Proposed FAR Rule Relies Heavily on DOL Guidance
The FAR Council and DOL published the proposed rule and guidance on the same day under separate notice so that respondents can “consider the documents holistically in addition to offering comment on the specifics of each document.” In fact, the two documents have to be read together because the key events that trigger a responsibility determination—“administrative merits determination,” “arbitral award or decision,” or “civil judgment” are defined in the DOL proposed guidance. Moreover, a sizable portion of the 106-page DOL guidance is devoted to defining the terms “serious,” “repeated,” “willful,” and “pervasive” and explaining how violations of the labor laws should be weighed. Notably, the proposed guidance defines “serious” violations to include those in which an assessment of at least $10,000 in back wages is “imposed by an enforcement agency or a court.” The proposed guidance also defines “serious” violations to include those in which the contractor “engaged in adverse employment action” (including discharge, refusal to hire, suspension, demotion or threat) or is responsible for unlawful harassment against one or more workers for exercising rights protected by the enumerated labor laws.

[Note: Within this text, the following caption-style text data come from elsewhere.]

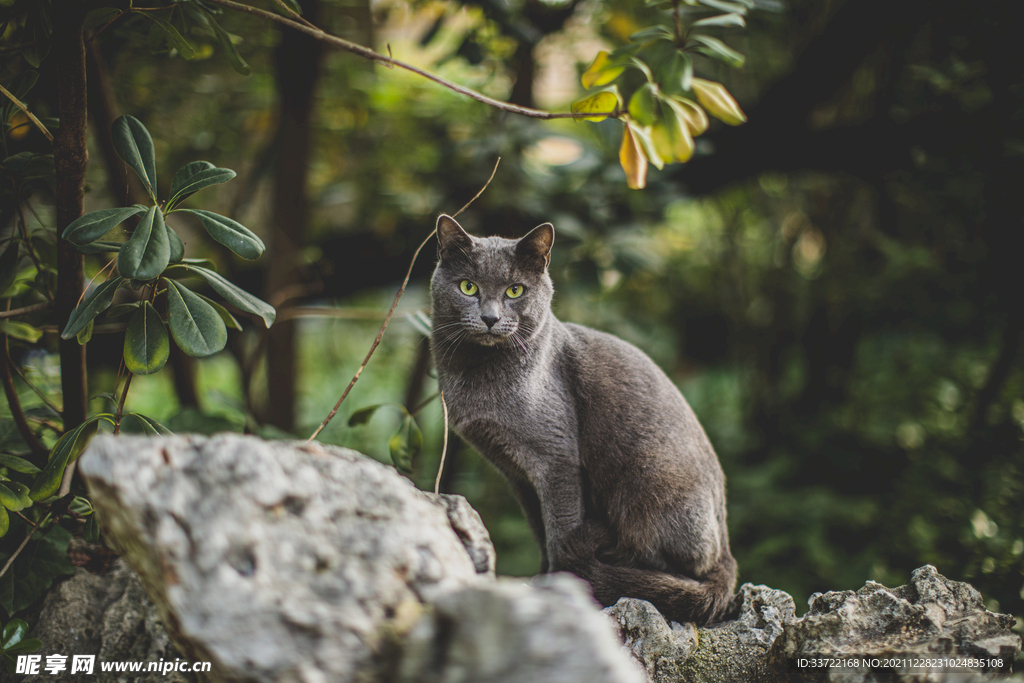 英短蓝猫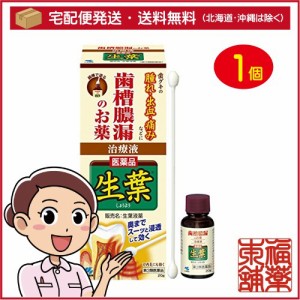 【第3類医薬品】小林製薬 生葉液薬(20g) [宅配便・送料無料]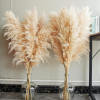 40" Natural Pampas Grass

Implementation of the Paycheck Transparency and Dispute Resolution Provisions
Proposed FAR 22.2005 will implement the EO’s “paycheck transparency” provision which requires contractors performing work on covered contracts and subcontracts to provide employees covered by the FLSA, the Davis Bacon Act, the Service Contract Act, or “equivalent” state laws, with information concerning the individual’s pay, hours worked, overtime hours, if applicable, and any additions made to or deductions made from the individual’s pay. The proposed rule also requires contractors to provide to any independent contractors performing work on the contract a document informing them of their status as independent contractors.

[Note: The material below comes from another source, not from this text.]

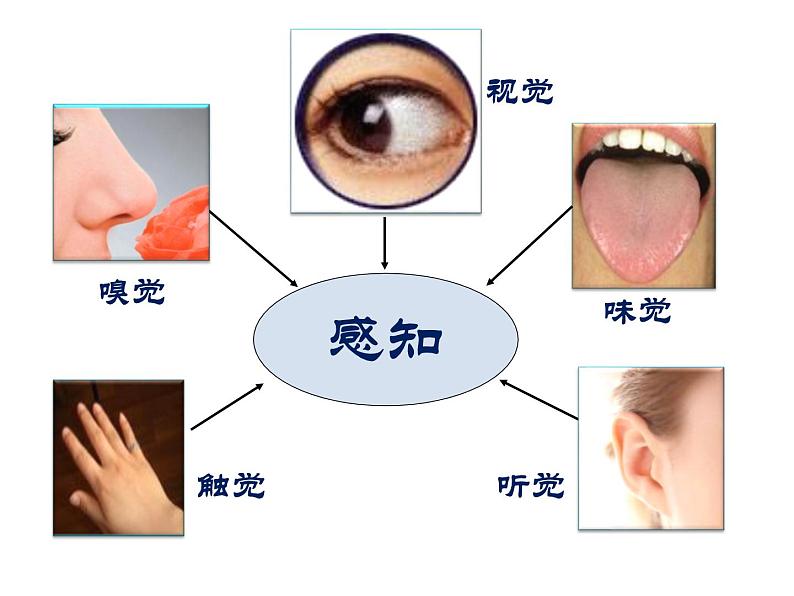 济南版七下生物 5.4人体对周围世界的感知 课件第2页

Proposed FAR 22.2006 will implement the EO’s “dispute resolution” provision on contracts over $1 million and will require contractors to agree that the decision to arbitrate claims arising under title VII of the Civil Rights Act of 1964 or any tort related to or arising out of sexual assault or harassment may only be made with the voluntary consent of employees or independent contractors after such disputes arise. The proposed rule lists some narrow exceptions to this requirement including an exception for certain pre-existing arbitration agreements.
What Comes Next?
Based on the impact of “Fair Pay and Safe Workplaces” on the contracting community, contractors will want to consider submitting comments during the 60-day comment period which began running on May 28th. Several respondents have requested an extension of time to file comments, but for now, interested parties should plan on submitting comments by July 27, 2015. After the close of the comment period, the FAR Council and DOL will make final changes and resubmit the rule and guidance to the Office of Information and Regulatory Affairs for another round of regulatory review before issuing the final rule and guidance in the Federal Register. If the Administration has failed to make significant changes, the final rule will likely be subject to a legal challenge by affected companies and industry trade groups.